INFORMATION SUPPLIED
______________________________

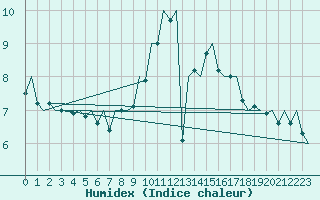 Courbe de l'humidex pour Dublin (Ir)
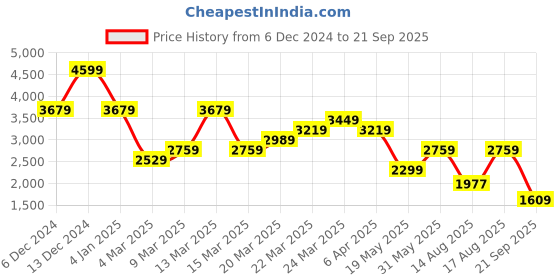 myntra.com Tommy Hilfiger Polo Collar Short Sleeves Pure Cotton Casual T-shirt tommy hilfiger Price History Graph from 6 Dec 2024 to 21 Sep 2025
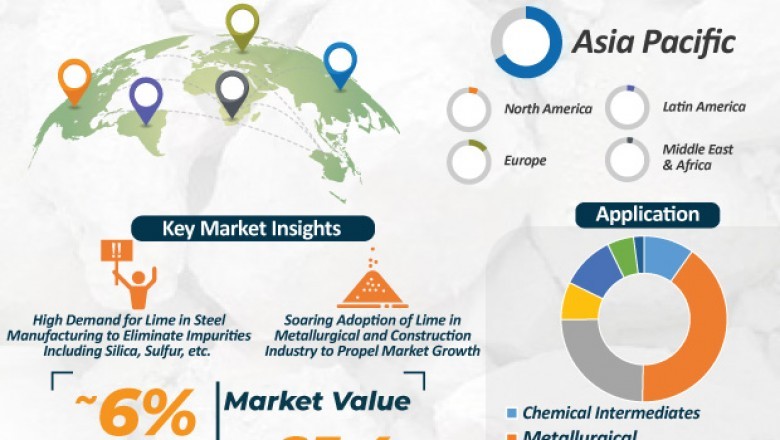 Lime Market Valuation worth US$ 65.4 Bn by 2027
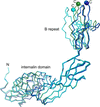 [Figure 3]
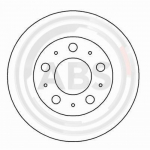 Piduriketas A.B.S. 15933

______________________________

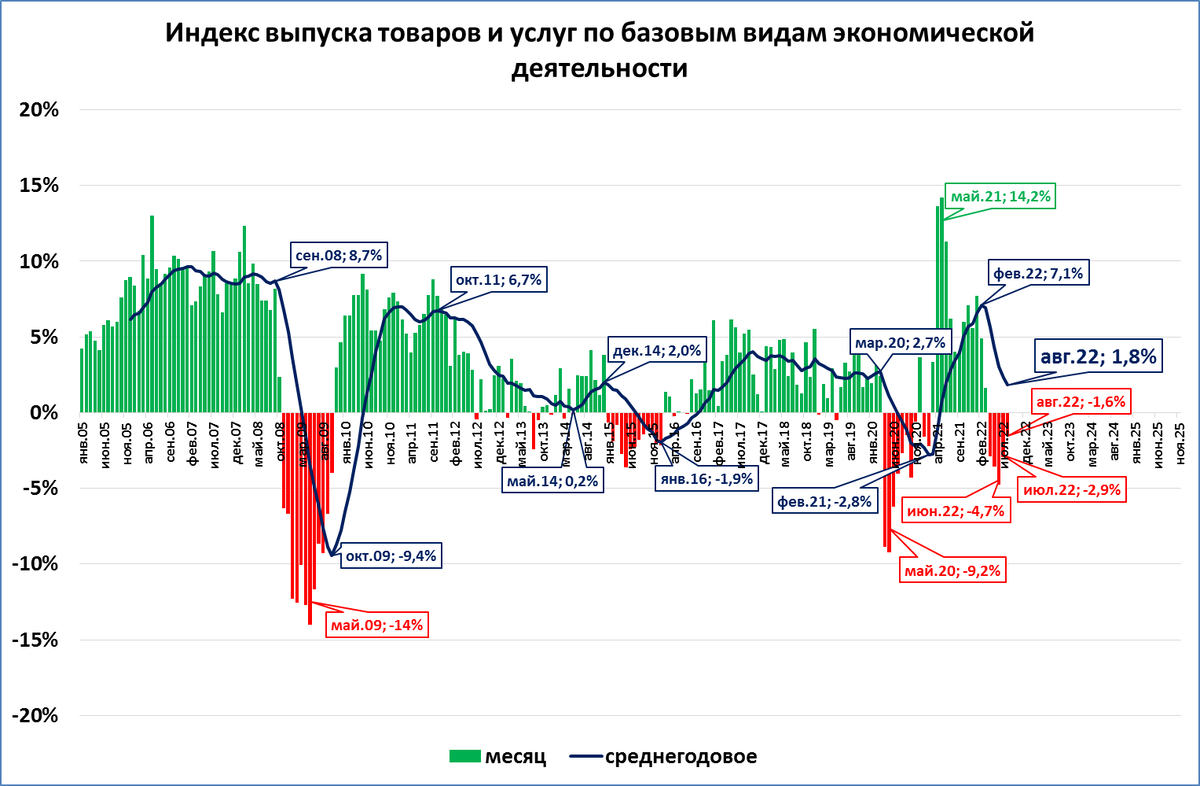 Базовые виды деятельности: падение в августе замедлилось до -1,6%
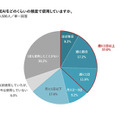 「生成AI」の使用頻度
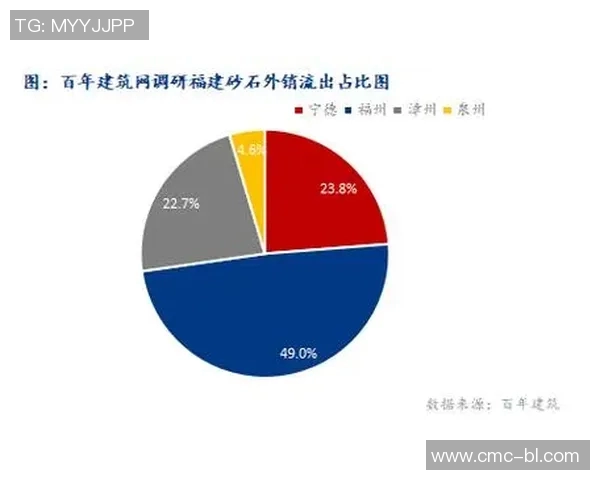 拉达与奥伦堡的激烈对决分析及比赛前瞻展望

______________________________

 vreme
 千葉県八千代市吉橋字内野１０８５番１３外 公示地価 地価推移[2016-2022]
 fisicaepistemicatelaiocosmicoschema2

______________________________

WHAT IS NEEDED
Everything from the line with "Courbe de l'humidex pour Dublin (Ir)" through the line with "Piduriketas A.B.S. 15933" in the material above should be transcribed exactly, except the pictures.

RESULT
 Courbe de l'humidex pour Dublin (Ir)
 myntra.com Tommy Hilfiger Polo Collar Short Sleeves Pure Cotton Casual T-shirt tommy hilfiger Price History Graph from 6 Dec 2024 to 21 Sep 2025
 Lime Market Valuation worth US$ 65.4 Bn by 2027
 [Figure 3]
 Piduriketas A.B.S. 15933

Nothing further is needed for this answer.